**Your goal**
If a picture appears in the records, leave it out and transcribe the rest exactly.

**Image-text web data**
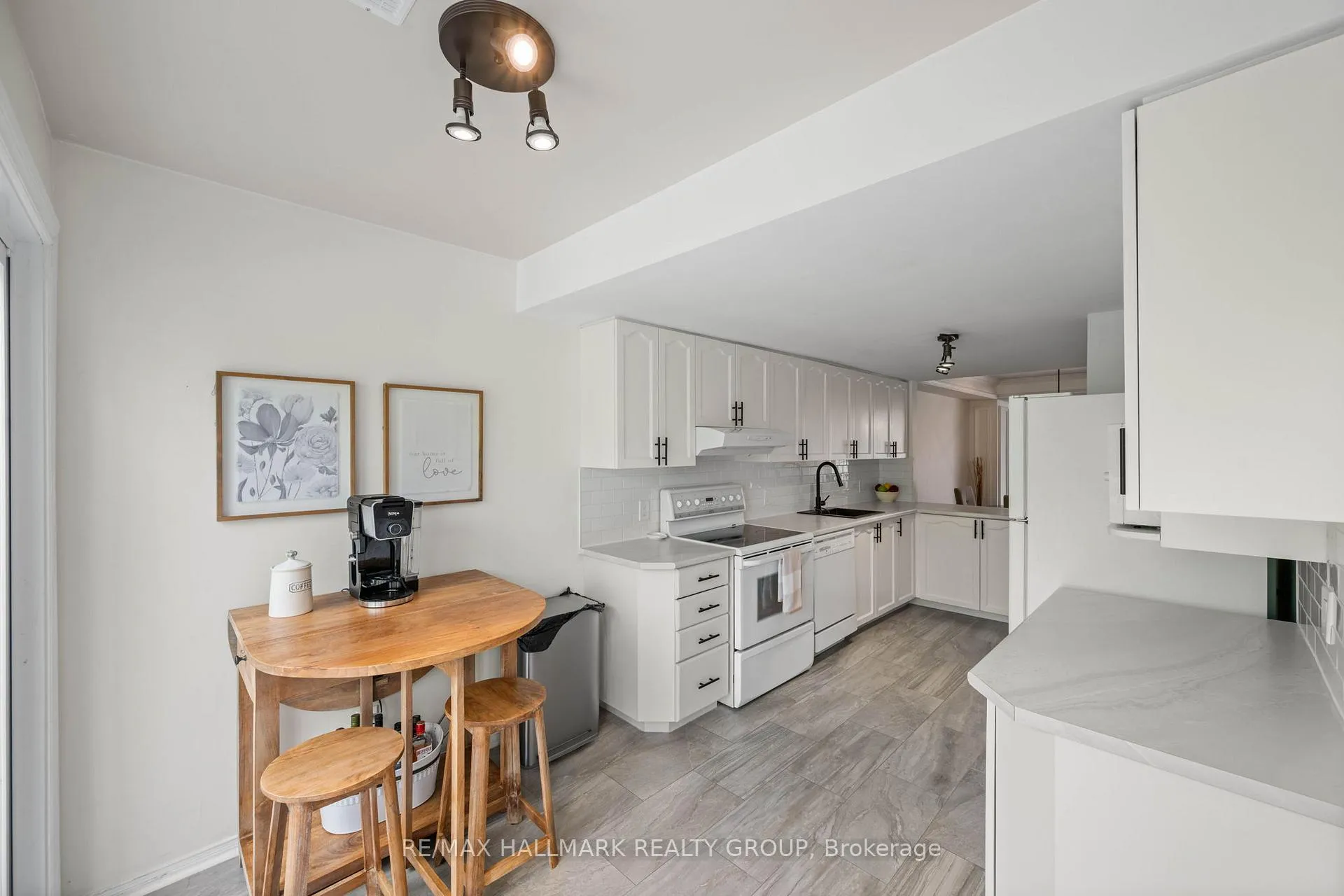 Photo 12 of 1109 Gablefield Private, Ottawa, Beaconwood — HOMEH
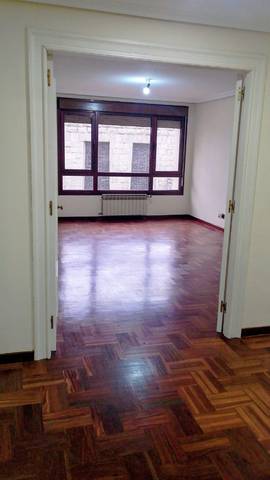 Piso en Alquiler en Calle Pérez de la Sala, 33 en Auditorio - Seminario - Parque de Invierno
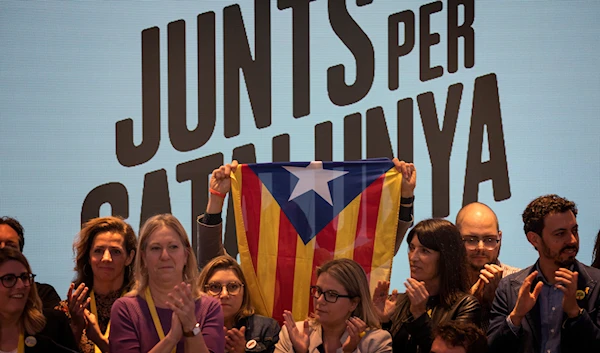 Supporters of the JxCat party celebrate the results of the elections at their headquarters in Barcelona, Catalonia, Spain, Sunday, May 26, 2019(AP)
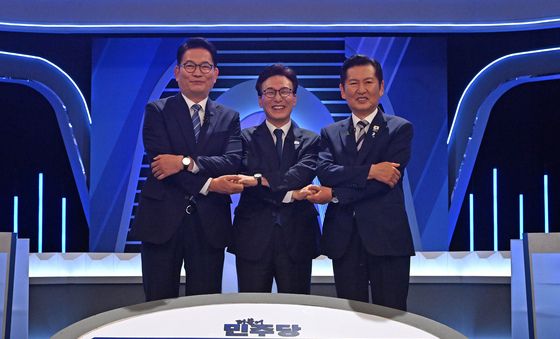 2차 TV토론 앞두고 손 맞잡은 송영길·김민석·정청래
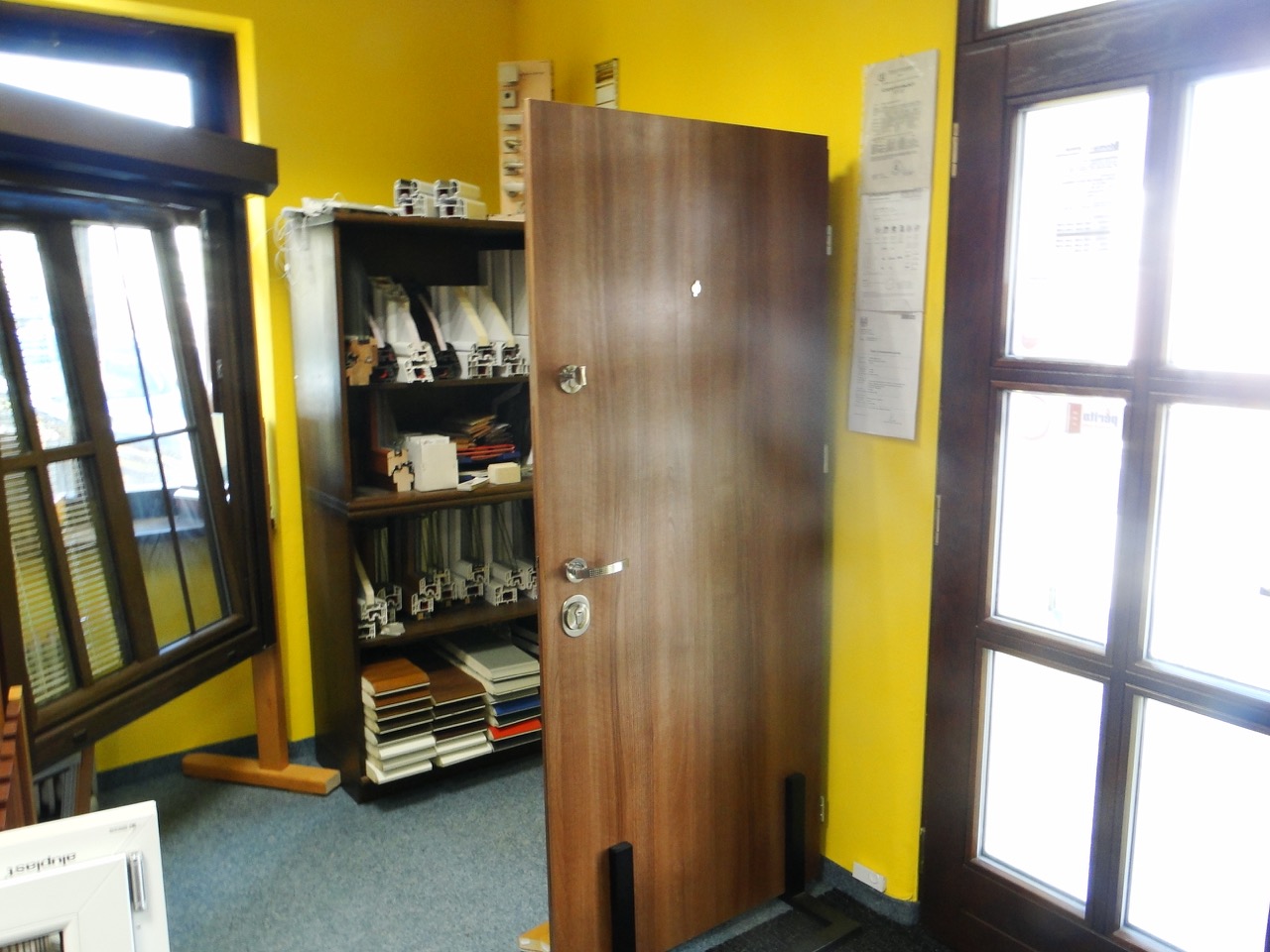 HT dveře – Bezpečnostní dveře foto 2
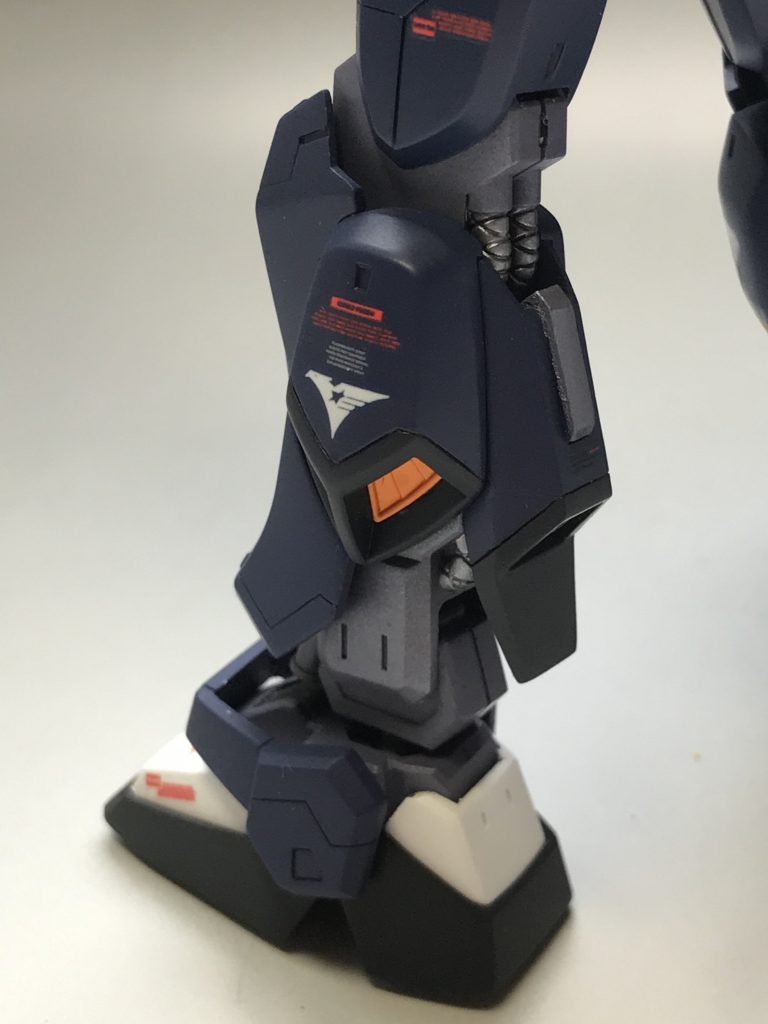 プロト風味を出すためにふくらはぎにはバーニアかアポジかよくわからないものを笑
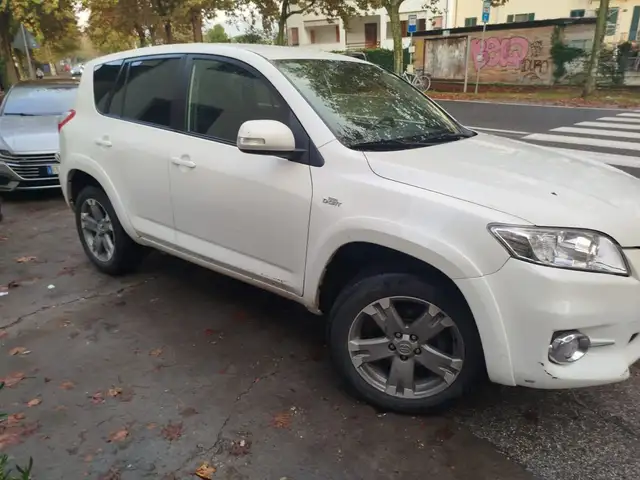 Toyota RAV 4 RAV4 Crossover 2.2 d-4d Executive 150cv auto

**Solution to the exercise**
 Photo 12 of 1109 Gablefield Private, Ottawa, Beaconwood — HOMEH
 Piso en Alquiler en Calle Pérez de la Sala, 33 en Auditorio - Seminario - Parque de Invierno
 Supporters of the JxCat party celebrate the results of the elections at their headquarters in Barcelona, Catalonia, Spain, Sunday, May 26, 2019(AP)
 2차 TV토론 앞두고 손 맞잡은 송영길·김민석·정청래
 HT dveře – Bezpečnostní dveře foto 2
 プロト風味を出すためにふくらはぎにはバーニアかアポジかよくわからないものを笑
 Toyota RAV 4 RAV4 Crossover 2.2 d-4d Executive 150cv auto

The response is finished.